### INPUT DATA

****

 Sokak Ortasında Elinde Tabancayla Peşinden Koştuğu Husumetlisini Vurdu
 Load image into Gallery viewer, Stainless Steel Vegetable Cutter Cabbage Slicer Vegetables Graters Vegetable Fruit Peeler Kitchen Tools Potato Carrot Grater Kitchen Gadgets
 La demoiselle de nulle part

****

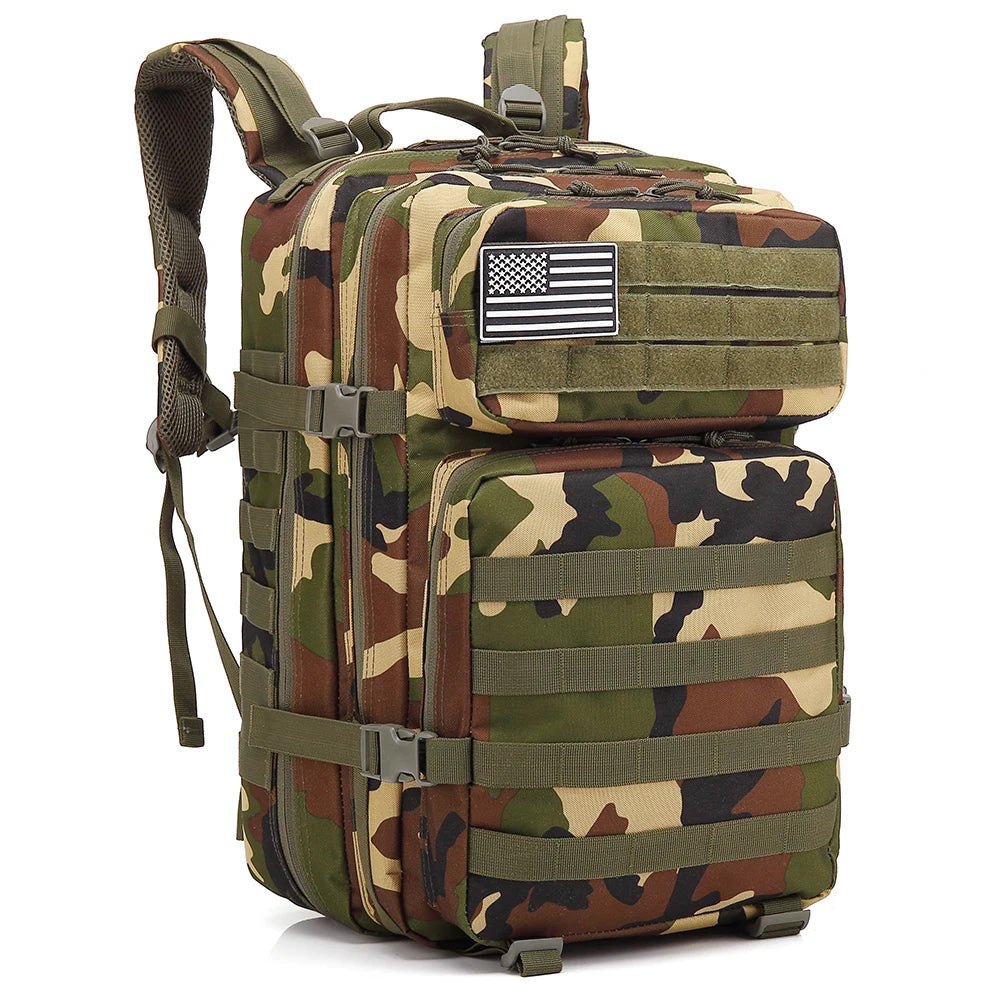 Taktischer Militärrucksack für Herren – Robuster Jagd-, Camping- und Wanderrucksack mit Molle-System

****

### WORK INSTRUCTION
The line above containing "Load image into", the line containing "La demoiselle de nulle part", and every line between them are to be transcribed exactly; no other line is wanted.

### ANSWER BOX
 Load image into Gallery viewer, Stainless Steel Vegetable Cutter Cabbage Slicer Vegetables Graters Vegetable Fruit Peeler Kitchen Tools Potato Carrot Grater Kitchen Gadgets
 La demoiselle de nulle part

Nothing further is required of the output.